Photo of Paola Mariselli, S.M. '15

Paola Mariselli, S.M. '15

A successful digital product must address users needs, help the company’s business goals, and have a technically sound, well-engineered design.

Paola Mariselli, S.M. '15, learned the first two elements through her undergraduate studies at New York University’s Stern School of Business. She went on to work as a project manager and user experience designer for Credit Suisse on Wall Street, where she began to take more interest in the technical side of design.

“I found myself interacting a lot with engineers and traders, figuring out the logic behind what we were building, mocking up specs, assessing technical feasibility, and even running usability tests,” Mariselli said. “I didn’t have all that terminology back then, but I knew I really enjoyed those aspects of my job. They were a little more multidisciplinary, and they challenged me in different ways.”

Mariselli loves taking on new challenges, so she decided to learn the technical skills to complement her business experience. That brought her to Harvard John A. Paulson School of Engineering and Applied Sciences (SEAS), where she studied computer science, and applied her skills as a user experience designer for the Berkman Klein Center for Internet and Society.

“I think very fondly about my time at Harvard, both academically and what it enabled career-wise, and also as a personally fulfilling experience,” Mariselli said. “It made sense to go to Harvard and get the computer science degree. I also wanted a taste of human-computer interaction, so I cross-registered at MIT and took classes at their media lab. Being on a historic campus and having such a rich educational experience transcends the professional benefits.”

While at SEAS, Mariselli worked as a user experience designer for Groupon. After completing her degree, she went on to design products for Meta, the parent company of Facebook, and then in 2022 become Director and Head of Product Design for the online dating website Bumble.

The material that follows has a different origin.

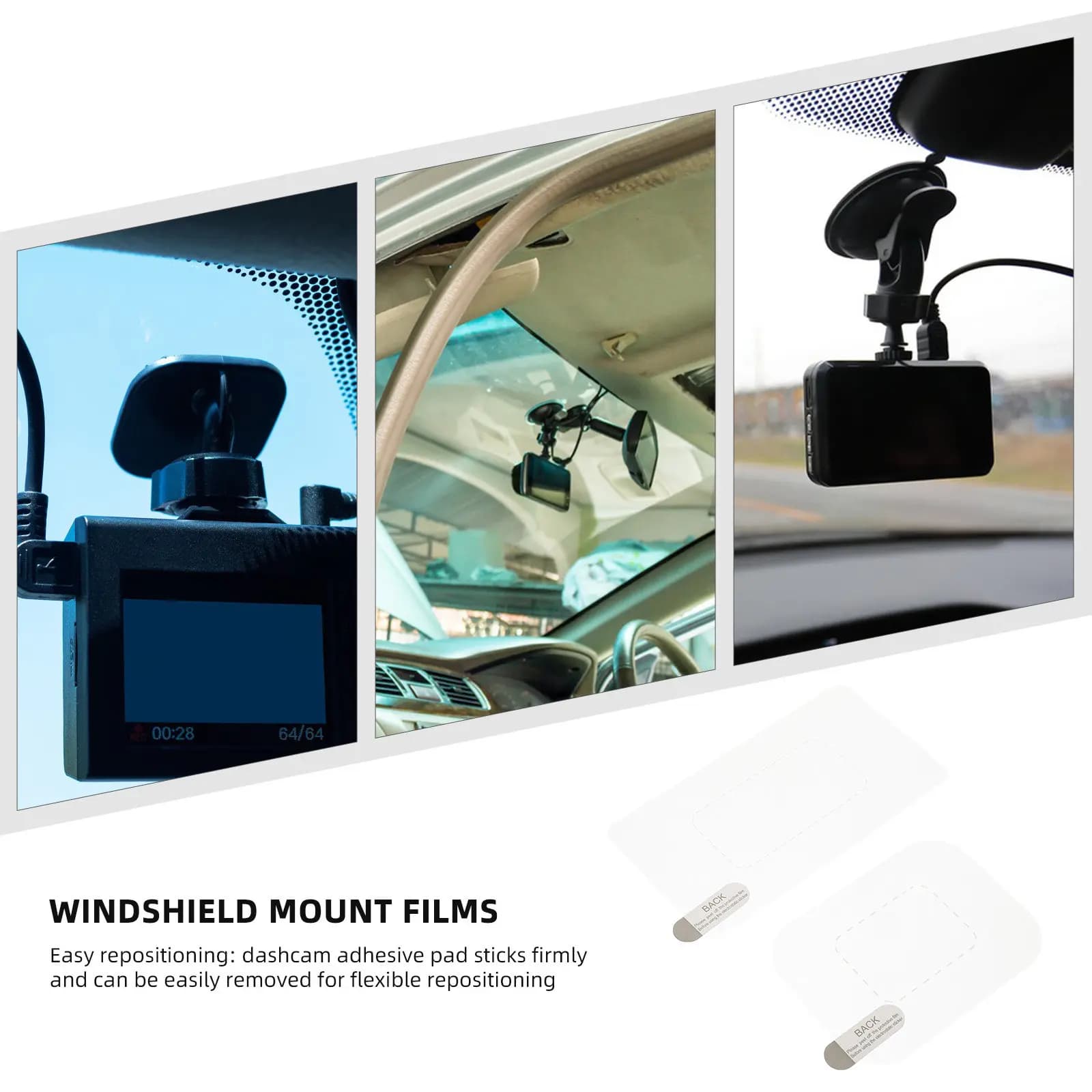 8Pcs Static Dashcam Windshield Sticker Film Pet Electrostatic Mount Adhesive for Dash Camera Clear Recording Scratch Prevention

“Being able to shape the design function from really early on, to set a bar for quality and set up the processes to make that happen, leading and inspiring a team, those are experiences you get to have when you’re building an organization from the ground up,” she said. “Here, being able to put your stamp on what design should be and how it should operate, you only get those opportunities every so often.”

Mariselli oversaw the launch of several of Meta’s signature products during her seven years there, including Facebook Live and Songs on Profile. She worked on several design teams, always looking for new organizational or product challenges. As her department continued to grow, she moved from its building in Menlo Park to a new office in London, where she still lives.

“I got the opportunity to work on products that would be seen by two-plus – and later three-plus – billion people, which is almost hard to comprehend,” she said.

She also co-founded Women of Facebook Design, an organization dedicated to forming and strengthening communities for women in design disciplines. By the time she left Meta, the group had grown from a few people in the Bay Area office to chapters throughout the company.

“Throughout all my years in tech, only once have I had another Latina as my manager, and that was very, very recently,” said Mariselli, who was born in Peru. “I did public speaking to increase representation, because you can’t be what you can’t see. I noticed there wasn’t a place to talk about these things at Meta, and there was a need for a community for women in design, whether that was product design, content design or user research, to share learnings and talk about issues affecting us as a group.”

Many of the Bumble products Mariselli now oversees are still in development, so she can’t talk about her specific day-to-day activities. But as a design director for a relatively new company, she knows whatever she builds will become part of the foundation for her team in the coming years. Thanks to Harvard, that foundation will always have a firm grounding in that intersection of technical engineering, user focus and business needs.

“Even though I don’t code in my everyday life, it was a really important piece to become a better product designer, to be able to understand how to go about building a design,” she said. “It also allows me to be a better partner with my engineering peers.”